/ 2 June 2017

Who coughs up if your bank folds?

Breaking cover: The South African Reserve Bank building in Pretoria. The central bank and the treasury have revealed a bank deposit insurance proposal.
Breaking cover: The South African Reserve Bank building in Pretoria. The central bank and the treasury have revealed a bank deposit insurance proposal.

If one of South Africa’s top banks collapsed tomorrow, would your money be protected?

The country has no insurances for depositors other than an “implicit” guarantee that the government, and ultimately the taxpayer, would rescue bank customers.

But this week the South African Reserve Bank and treasury released the details of a proposed deposit insurance scheme, detailing explicit cover intended to protect retail depositors, particularly the poorest and most vulnerable.

South Africa lags behind other countries in this regard.

In the past, the banking industry and regulators have been unable to agree on the implementation of a scheme because of concerns about the cost implications for the sector.

Concerns have also been raised over moral hazard – which in this case would amount to the failure by a bank to guard against risk when it is protected from its consequences, by insurance covering its depositors.

The deposit insurance scheme proposes cover of up to R100 000 for qualifying deposits per bank, and is intended primarily to cover retail depositors and the deposits of small and medium enterprises (SMEs).

This would cover the majority of citizens, although they represent a relatively small share of the total deposits in the banking sector, said Kuben Naidoo, deputy governor of the Reserve Bank and the registrar of banks. “While the coverage is relatively low in proportion to total banking assets covered, our job is to protect the poorest and most vulnerable depositors.”

The retail customer deposits would include current accounts and other accounts such as fixed-term deposits and notice accounts.

Deposits that would not be covered include deposits held by banks, and deposits held by the non-bank private financial sector, such as money market unit trusts, non-money market unit trusts, insurers, pension funds and fund managers.

The proposed scheme would also not cover government deposits, including those held by local, provincial and national government, public financial sector entities and the Public Investment Corporation.

Although the Reserve Bank had not taken a firm decision on how to implement the scheme, Naidoo said, it had tried to explore the best ways to introduce a deposit insurance scheme that aimed “to protect the fiscus without too big a hit on consumers and on the banking system over time”.

Naidoo estimated that it would take about two years to put in place.

Retail and SME deposits comprise about 60% of the total value of potentially qualifying deposits in the banking sector, according to the Reserve Bank’s discussion document.
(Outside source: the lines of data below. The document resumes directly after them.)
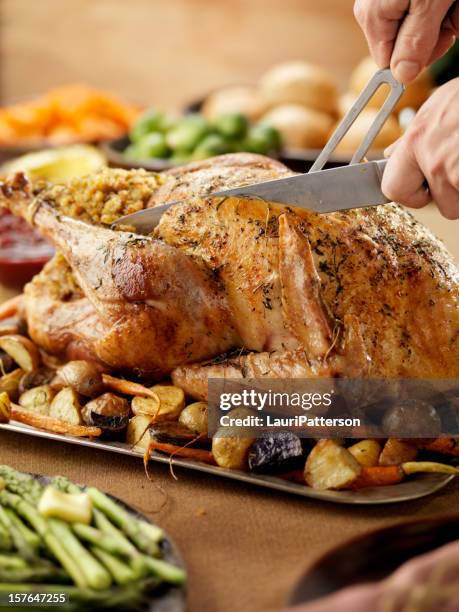 carving a roast turkey - roast chicken table stockfoto's en -beelden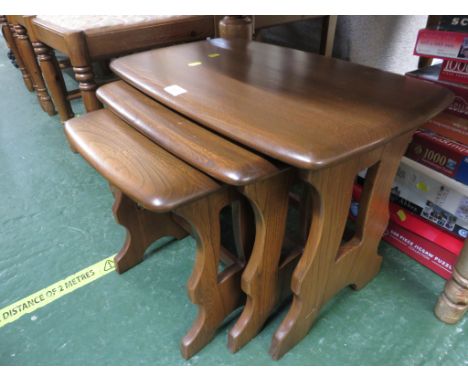NEST OF THREE ERCOL MID ELM OCCASIONAL TABLES.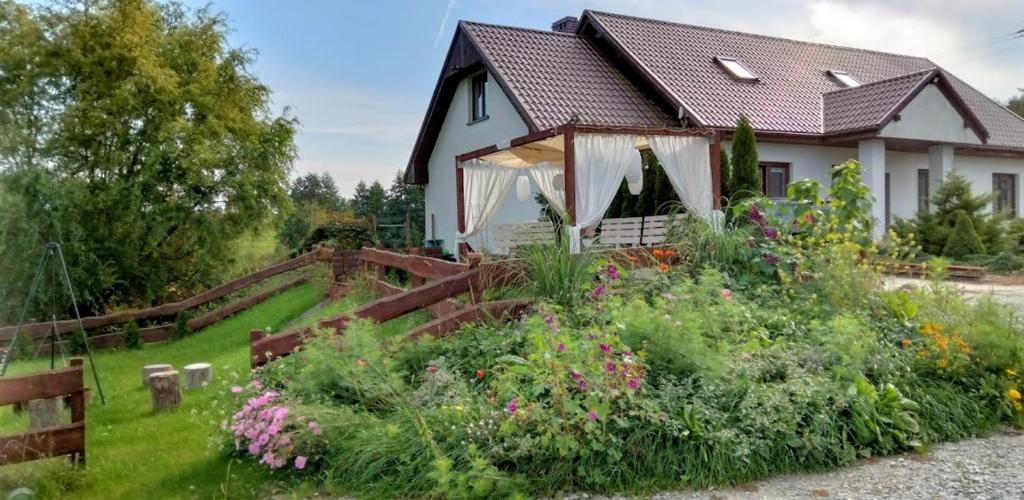 a house with a garden in front of it at Polne Zacisze in Lgiń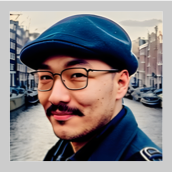 David Randleman, field CISO at Coalfire, wears a blue cap, wireframe glasses, and a mustache as he poses in front of a canal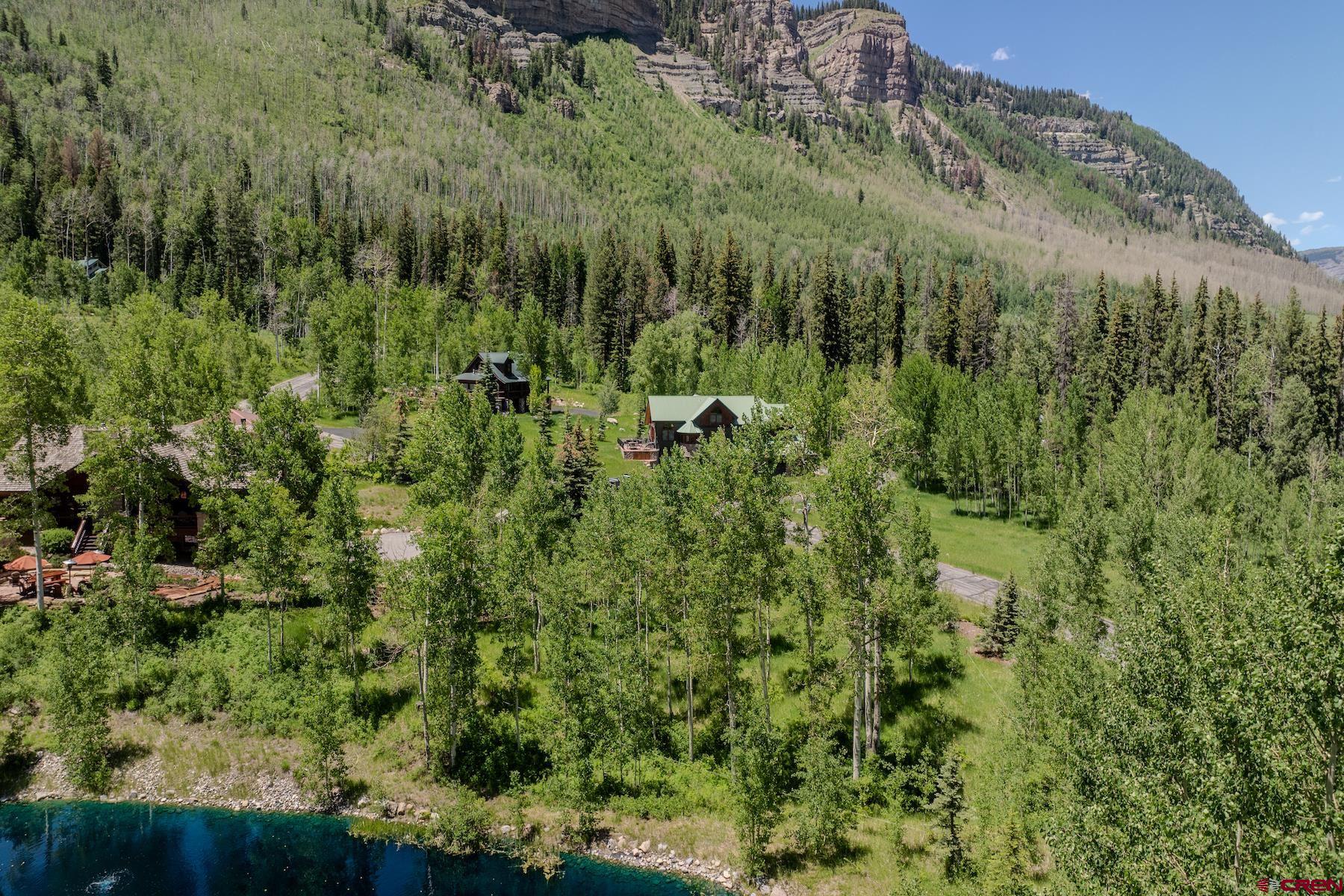 75 Falcon Ridge Road Durango, CO 81301 - Photo 15 of 27 a view of a lush green forest with lots of trees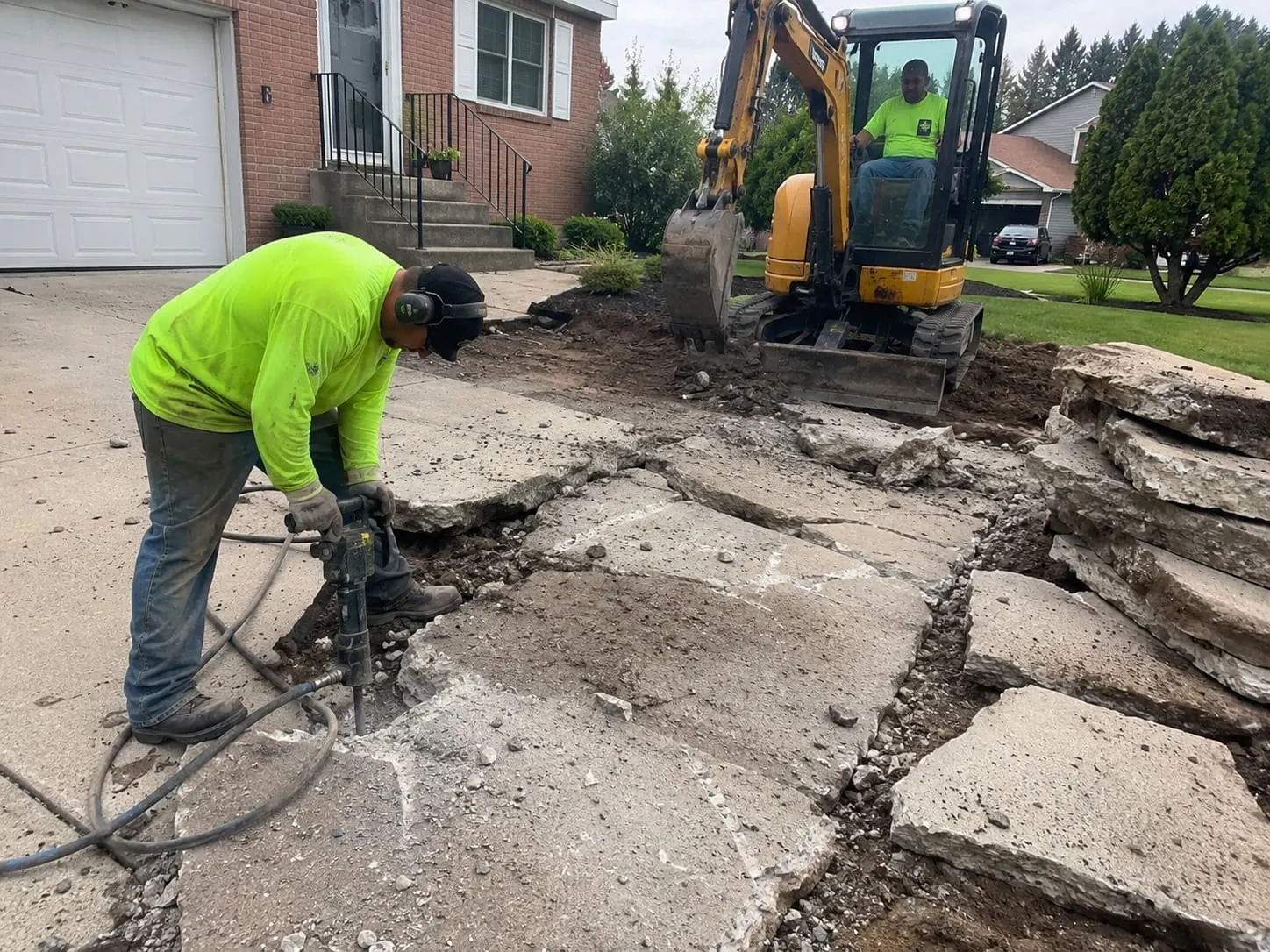 Concrete removal contractors breaking out a slab in Auckland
The rest consists of wholesale deposits.

In terms of numbers, deposits by retail and SMEs represent almost 100% of potentially qualifying deposits, with wholesale deposits representing a mere 0.13% of them.

In addition, about 87% of the qualifying depositors have deposits of less than R10 000, according to the Reserve Bank.

The Reserve Bank estimates that about 44.7-million deposits would qualify, although this number is inflated by the fact that depositors may have accounts with more than one bank. The total amount of covered deposits would be about R348-billion.

In the past, with no explicit insurance scheme in place, the government has compensated depositors case by case.

The Reserve Bank states that “implicit insurance is often perceived to be unlimited, which increases the implicit burden on government and the taxpayer”.

Nicola Brink, the Reserve Bank’s head of resolution planning, said there was a belief, based on past bank failures, that the government would step in to cover depositors.

“But implicit does not mean 100% coverage,” she said. Past bank failures involved small institutions and the government could afford to cover depositors.

The R100 000 level would not cover the top echelon of customers, because it would become “simply too expensive to cover everything”, she said. Those individuals were also more likely to hedge against risk in different ways, she added.

Most recently, South Africa saw the collapse of African Bank. With a comparatively small amount of deposits totalling R100-million, the Reserve Bank covered depositors’ losses.

Naidoo said there were technical difficulties with trying to introduce a deposit insurance scheme in a very mature banking system in such a way that it did not inflate the costs of the banking sector.

The Reserve Bank explored various options and proposes a partially prefunded scheme rather than a post-funded model. This is the most common approach for this kind of insurance, with a prefunding target of 5%, which amounts to about R17-billion of the total deposits covered.

The model requires the accumulation and maintenance of a deposit insurance fund to cover claims and related expenses before any bank failures occur.

The main objection to the model is the cost to banks, which means setting aside funds that may never be used.

But there are advantages, according to the Reserve Bank. These include that no public funds are required, even temporarily, to cover a bank failure; pay-outs to depositors can be done immediately, without parliamentary or any other form of government approval; failed banks would also have contributed to the scheme and the burden would not rest only on the surviving banks; and an increased sense of security for the public, knowing that there is money available to protect deposits.

“It is less convincing to try to explain to the general public a range of complicated post-failure funding mechanisms than to simply say that ‘the money is available’,” the Reserve Bank said.

Brink said the central bank believed 5% would be sufficient for most bank crises, except perhaps the failure of a very large bank. Then the authorities would have to rely on other available tools.

She said the deposit insurance scheme was just one of several tools and proposed legislative measures to deal with the collapse of a bank and “should not be seen in isolation”.

Other proposed tools include a bail-in mechanism to recapitalise a failed institution.

Details of the deposit insurance scheme are intended to be included in a Special Resolution Bill, which will outline the stabilisation powers available to the authorities.

To fund the deposit insurance, the Reserve Bank proposes a reduction in the statutory cash reserve from 2.5% to 2.0% of liabilities. This is the regulated minimum that banks must place with the central bank.

Based on December 2016 data, this would release about R18-billion, roughly equivalent to the 5% of covered deposits, according to the Reserve Bank.

Kokkie Kooyman, the portfolio manager of Denker Capital, said the proposed funding mechanism appeared innovative, potentially limiting the costs to banks. It would also ensure that taxpayers were “off the hook” in the event of a crisis and depositors would be covered.

But the industry still remains concerned about the costs. It was already incurring significant costs and was talking to the treasury and the Reserve Bank about the funding of the new proposed prudential regulator, said Cas Coovadia, the managing director of the Banking Association of South Africa.

Nevertheless, the industry recognised “the need for deposit insurance as a policy imperative in terms of moving the sector to the Twin Peaks framework”.

Coovadia acknowledged that the proposed change to the cash reserve requirement went a long way towards making deposit insurance as cost-effective as possible.

The association would still study the “nitty-gritty” of the technical details before it commented formally on the discussion document, he said.